James A. Whelpley

Long Reach Saktes

James A. Whelpley

The oldest known ice skates, dating back to 3000 B.C., were discovered in a Swiss lake. They were crafted from the leg bones of a large animal, with holes bored at each end and a leather strap employed to secure the bone to the foot. The old Dutch term for skate is “schenkel,” which translates to “leg bone.”

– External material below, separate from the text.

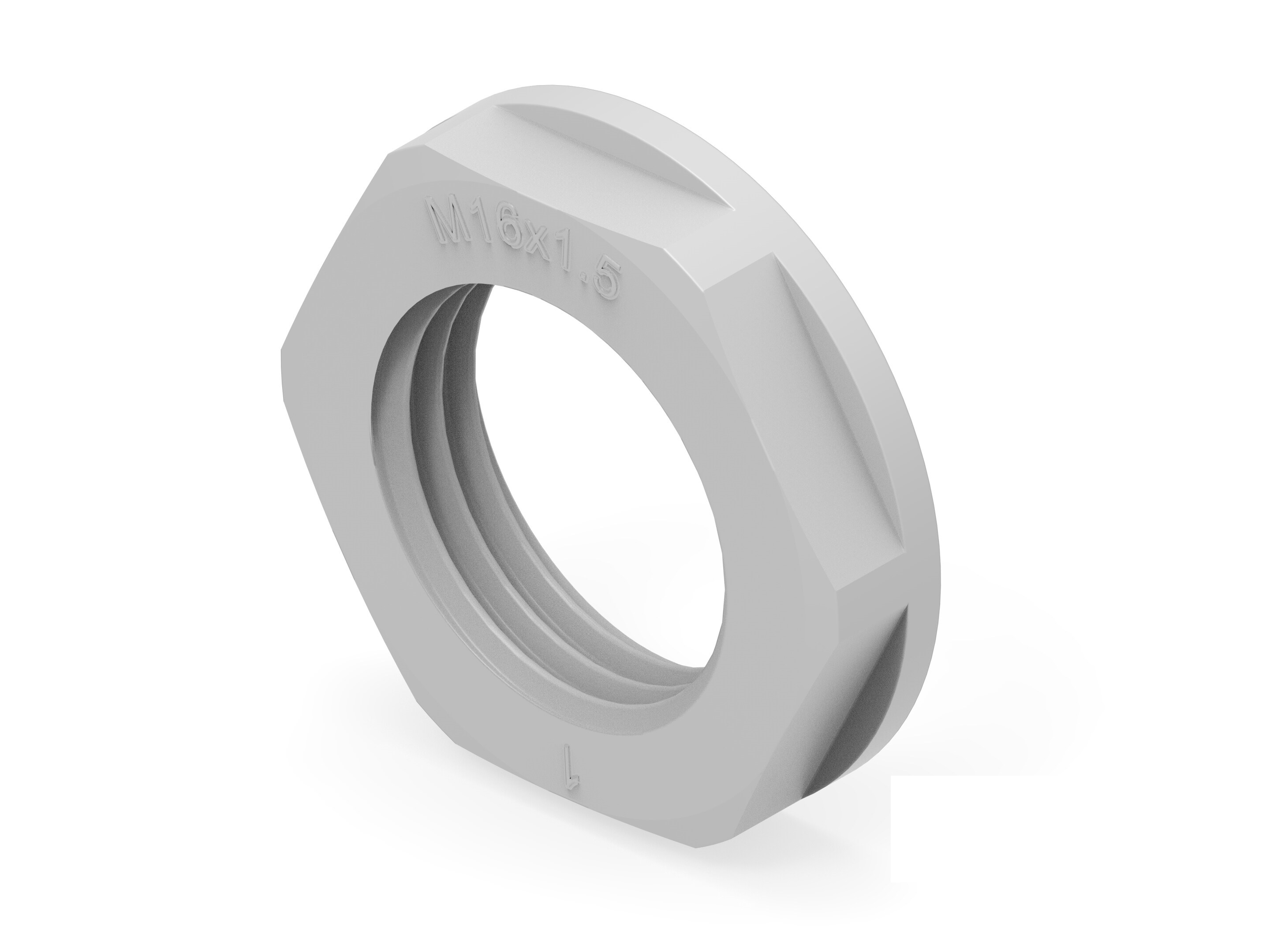 Light Grey UL 94 V2 PA 6 Cable Gland Locknut, M16 Thread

During the 14th century, the Dutch began utilizing wooden platform skates equipped with flat iron runners on the bottom, enabling them to glide over icy surfaces. The skates were affixed to the users’ shoes using leather straps, assisting in movement across the ice.

Ice Skates

The year 1848 marked a significant turning point, as the first steel clamp was introduced, leading to the replacement of the wooden blade with a metal one. This new blade was directly fastened to the boots, paving the way for skaters to execute dance steps, jumps, and spins. By the 1870s, the introduction of the first toe picks enhanced skates even further, enabling skaters to perform toe pick jumps.

Long Reach Skates

Despite these advancements, a primary drawback of ice skates was the lack of comfort, which made prolonged use challenging.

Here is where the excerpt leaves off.